Kritik von der Union an Informationsfluss
Die "anhaltende Gewalteskalation in weiten Landesteilen sowie in der Hauptstadt Khartum" habe ein Eingreifen der Bundeswehr erforderlich gemacht, schreibt die Bundesregierung in ihrem Antrag. Ziel der Bundeswehrmission sei es, "Leib und Leben deutscher Staatsangehöriger und weiterer berechtigter Personen" zu schützen.
Bei der Abstimmung im Bundestag über das Einsatzmandat ist mit einer deutlichen Mehrheit zu rechnen. Die oppositionelle Union deutete die Bereitschaft zur Zustimmung an, kritisierte allerdings die Informationspolitik der Bundesregierung sowie einige Unklarheiten im Mandatsantrag.
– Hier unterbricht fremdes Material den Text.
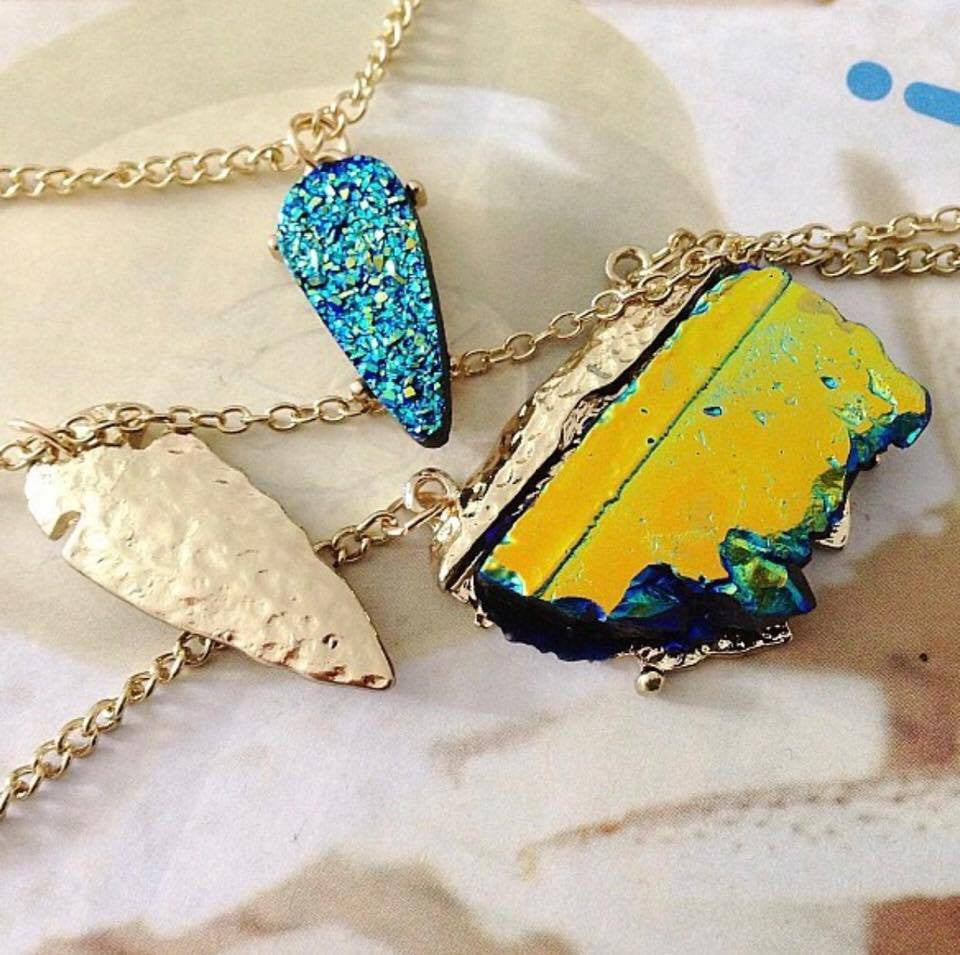 Three Multi Layer Neon Geometric Faux Stone Necklace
Mehrere weitere Länder fliegen Bürger aus
Im niederländischen Eindhoven landete unterdessen eine Maschine mit 104 Evakuierten aus dem Sudan. Wie das niederländische Außenministerium am Abend mitteilte, waren die Menschen zunächst nach Jordanien gebracht worden, bevor sie von dort in die Niederlande weiterfliegen konnten. Unter den 104 Evakuierten befinden sich nicht nur Niederländer, sondern auch Angehörige anderer Nationen.
Großbritannien flog am Dienstag erste Staatsbürger nach Zypern aus. Mindestens zwei weitere Evakuierungsflüge sollten in der Nacht stattfinden, sagte ein Sprecher von Premierminister Rishi Sunak.
Schulze: Evakuierung von Helfern könnte dramatische Folgen haben
Die eilige Evakuierung deutscher und internationaler Helfer könnte aus Sicht von Bundesentwicklungsministerin Svenja Schulze dramatische Folgen haben. Ein Drittel der Bevölkerung im Sudan sei schon jetzt auf Nahrungsmittelhilfen aus dem Ausland angewiesen, und es würden täglich mehr, sagte die SPD-Politikerin dem "General-Anzeiger" aus Bonn.
Dass die Konfliktparteien einer Feuerpause von 72 Stunden zugestimmt haben, sei daher eine gute Nachricht. "So können sich die Menschen mit Wasser und Brot oder Medikamenten zu versorgen." Eine kurzzeitige Feuerpause könne aber nur der Anfang für eine dauerhafte Waffenruhe und Konfliktlösung sein, sagte Schulze. "Denn nur dann können wir unsere Arbeit wieder aufnehmen." Schulze forderte, dass das Militär seine Macht an eine zivile Regierung übertragen müsse.
UN: Konfliktparteien missachten Schutz von Zivilisten
Wahllose Angriffe der beiden Konfliktparteien im Sudan gefährden den Vereinten Nationen zufolge weiterhin das Leben von Zivilisten. "Beide Kriegsparteien haben die Gesetze und Normen des Angriffs auf dicht besiedelte Gebiete missachtet, mit wenig Rücksicht auf Zivilisten, Krankenhäuser oder sogar Fahrzeuge, die Verwundete und Kranke transportieren", sagte der UN-Vermittler Perthes am Dienstag bei der Sitzung des UN-Sicherheitsrats.
So wurde etwa in Khartum ein bekannter sudanesisch-amerikanischer Mediziner erstochen. Bushra Ibnauf Sulieman war Leiter der Medizinischen Fakultät an der Universität der Hauptstadt Khartum. Er wurde vor seinem Haus getötet, wie der sudanesische Ärzteverband mitteilte. Er hatte lange in den USA gearbeitet, wo seine Kinder leben, war jedoch in das nordostafrikanische Land zurückgekehrt, um Ärzte auszubilden. Kollegen sagten, er habe in den vergangenen Tagen Menschen behandelt, die bei den Kämpfen im Land verletzt worden seien.
Perthes forderte beide Seiten auf, den Verpflichtungen des humanitären Völkerrechts nachzukommen und den Schutz der Zivilbevölkerung und der zivilen Infrastruktur sicherzustellen. Zudem gebe es "beunruhigende Berichte über versuchte sexuelle Übergriffe". Perthes, der seinen Arbeitsort aus Sicherheitsgründen in die Stadt Port Sudan verlegt hatte, ist nach eigenen Angaben weiterhin in regelmäßigem Kontakt mit den rivalisierenden Generälen im Sudan.